How To Get That Edge Over Your Classroom Competitors

Hey whats up Longhorngreenback!
That’s a great way to think about it. For the biggest competitor is always about testing how hard you’re willing to work to achieve your goals! Personally, I have found it to be even extra motivating to do even better if I have a secret competitor. Always keeps me on my feet and alert.

Hey whats up Longhorngreenback!
That’s a great way to think about it. For the biggest competitor is always about testing how hard you’re willing to work to achieve your goals! Personally, I have found it to be even extra motivating to do even better if I have a secret competitor. Always keeps me on my feet and alert.[/quote]

I’ve always had "secret competitors - those individuals who out perform me in a skill set that i want. I follow them i try and learn from them in the hopes i will either rise to their level / surpass them or simply see the professional gain from myself. And it is not always design. I use to work with a designer when i was fresh out of school who when in meetings would make comments and the entire room would stop/listen/ and ponder his thoughts. He truly managed the audience. and i thought to myself “I want to be that Designer”

I still do the same as well. #lifegoals

The tone of the video really rubs me the wrong way. The first bit about designers being passionate, creative, etc - the design discipline hardly has a monopoly on those characteristics, and it’s offputting when you hear inexperienced student designers expound that BS and believe it. Design is about collaborating with lots of creative people in lots of disciplines - recognizing their creativity and ability to contribute - and working together as a team to solve ill-defined problems. There’s no room for divas, and that view - that designers are unique, special snowflakes - encourages insufferable diva behavior. While there is a small bit of useful and obvious advice in the video (yes, you should know how to present your work in a way that highlights the useful parts of the solution), it feels like the approach it promotes prioritizes style over substance, which is not helpful.

If you have a rock star designer throwing up 5 extra awesome sketches every class. And you usually do three 3 extra. Well in order to outperform yourself you only need to do 4. Well guess what you just got beat.

A competitive atmosphere pushes you further than you though was possible. Sure you may be up to 3am getting it done, but in the end you got it done.

If the assignment is 20 sketches, and you produce excellent work and also get sleep…I think the guy that did less, did well, and slept won. File under: time management/expectation management.

Amen brother.

While thats true and important in the working world, where your trying to balance life and work. At some point you gotta put in the 10,000 hours to get good at your craft. College is where the is easiest and most encouraged to happen.
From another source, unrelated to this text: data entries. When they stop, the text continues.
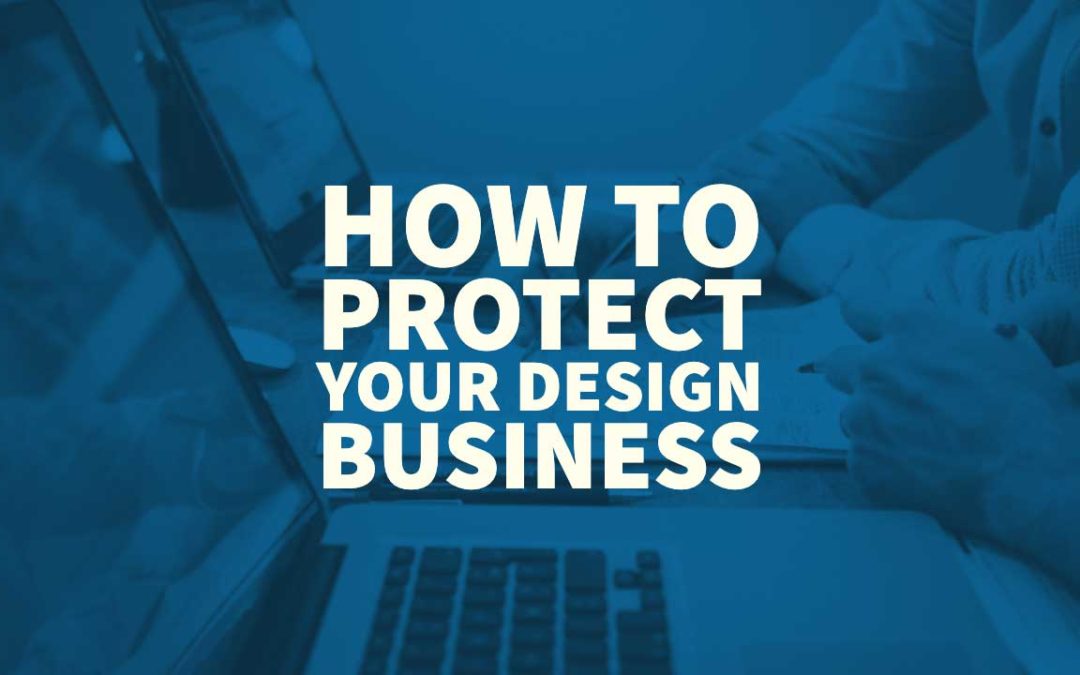 How to Protect your Design Business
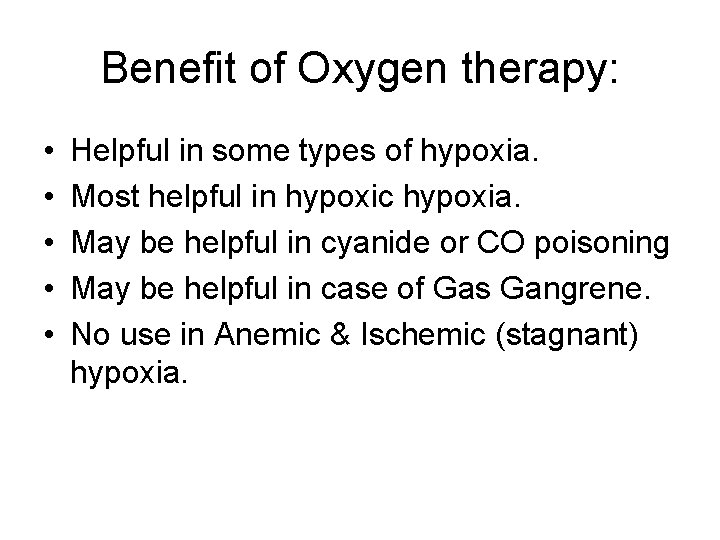 Benefit of Oxygen therapy: • • • Helpful in some types of hypoxia. Most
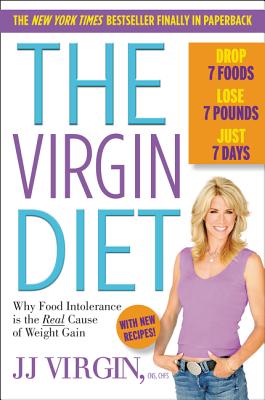 The Virgin Diet: Drop 7 Foods, Lose 7 Pounds, Just 7 Days - Virgin, Jj, CNS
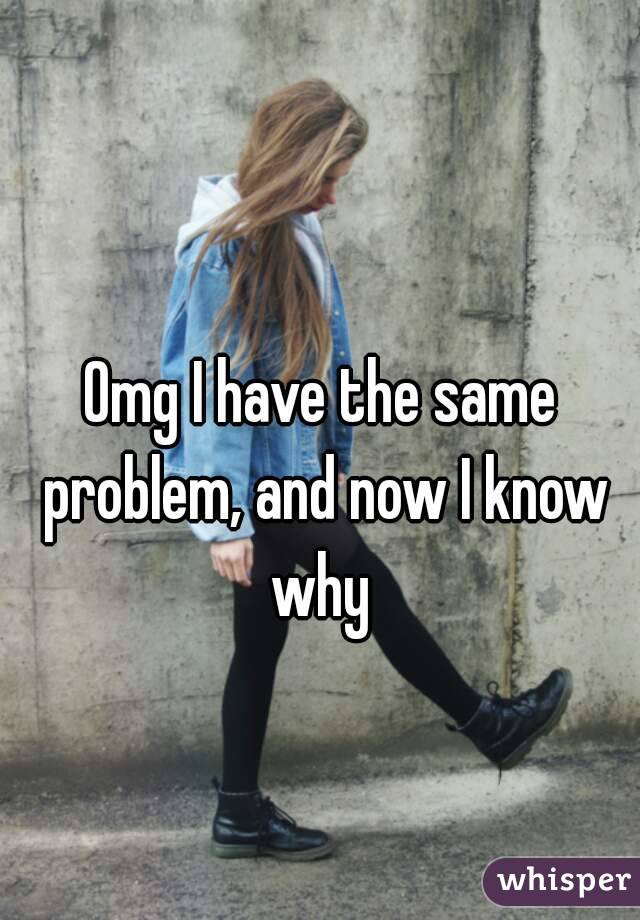 Omg I have the same problem, and now I know why 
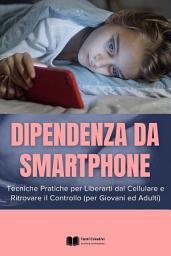 Icon image Dipendenza da Smartphone: Tecniche Pratiche per Liberarti dal Cellulare e Ritrovare il Controllo (per Giovani ed Adulti)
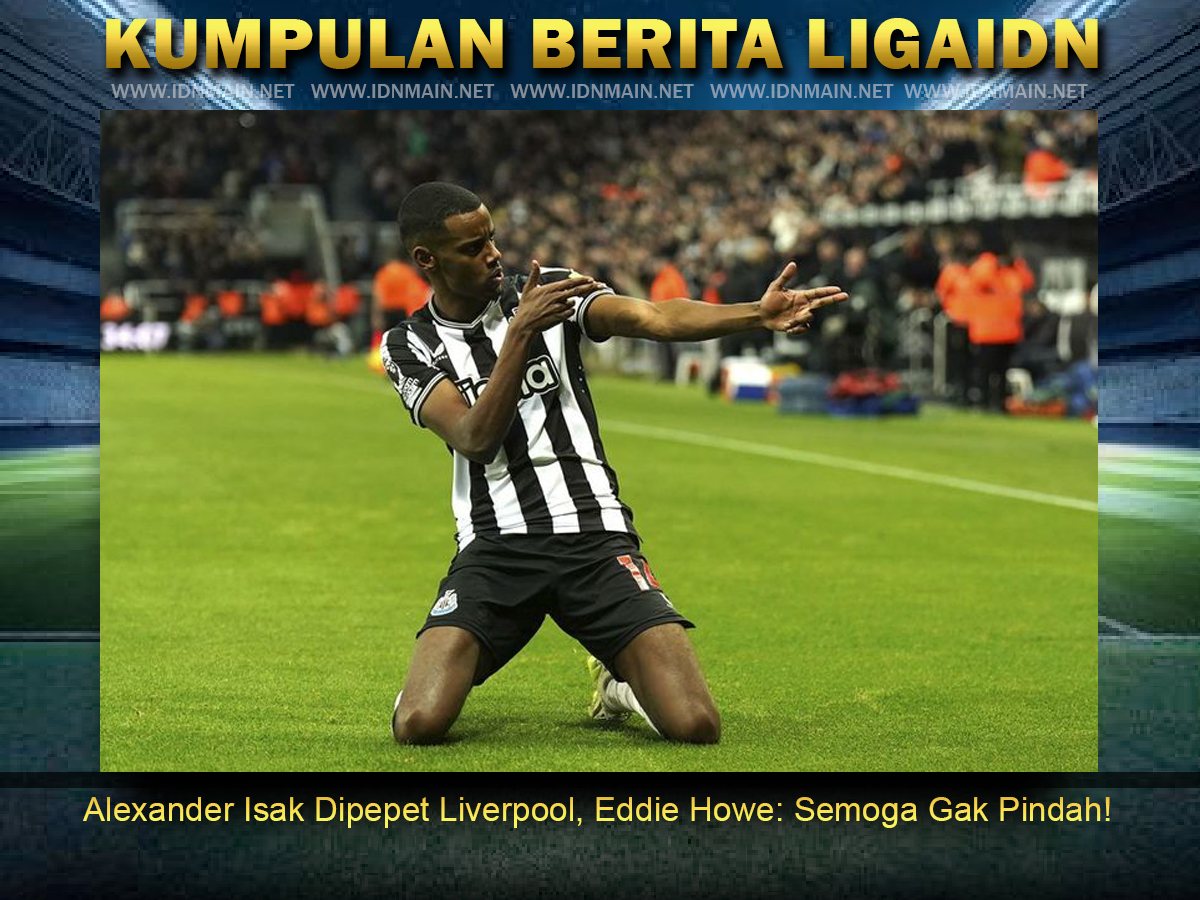 Alexander Isak Dipepet Liverpool, Eddie Howe: Semoga Gak Pindah!
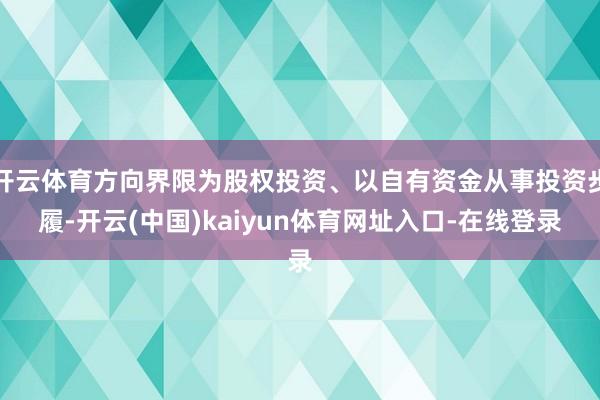 开云体育方向界限为股权投资、以自有资金从事投资步履-开云(中国)kaiyun体育网址入口-在线登录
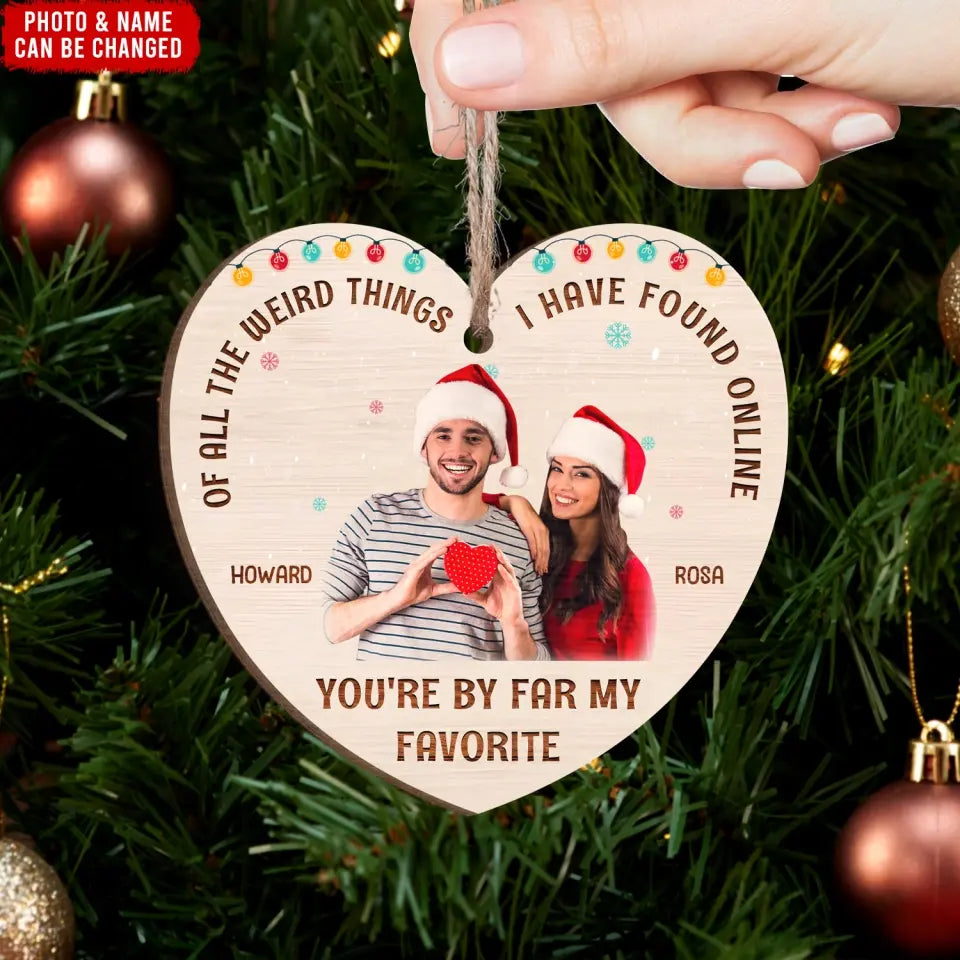 Christmas Couple Of All The Weird Things I Have Found Online You're By Far My Favorite - Personalized Wooden Ornament, Christmas Gift For Couple/ Husband And Wife - ORN257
If you’re comfortable in college your not growing. (But maybe that view was skewed by knowing I was paying hundred of dollars a credit hour to be there.) But to me the guy who pushed himself and is better because of it wins in the end. It’s a marathon not a sprint.


I remember one professor (Sooshin) at DAAP giving his advice. "If you have a girlfriend and she asks you for one rose, do you give her just one rose? No you give her a bouquet. " Something like that. In college this is totally true where your trying to get better/faster.

When your in the real world all I care is that you can deliver the work in the hours allotted. But in order to do that you gotta put in the practice to get good, then fast and eventually efficient.

If your fast/efficient/good in college then your the superstar everyones trying to catch.

I remember one professor (Sooshin) at DAAP giving his advice. "If you have a girlfriend and she asks you for one rose, do you give her just one rose? No you give her a bouquet. " Something like that. In college this is totally true where your trying to get better/faster.

Then assign 25 sketches if the expectation is 25 sketches.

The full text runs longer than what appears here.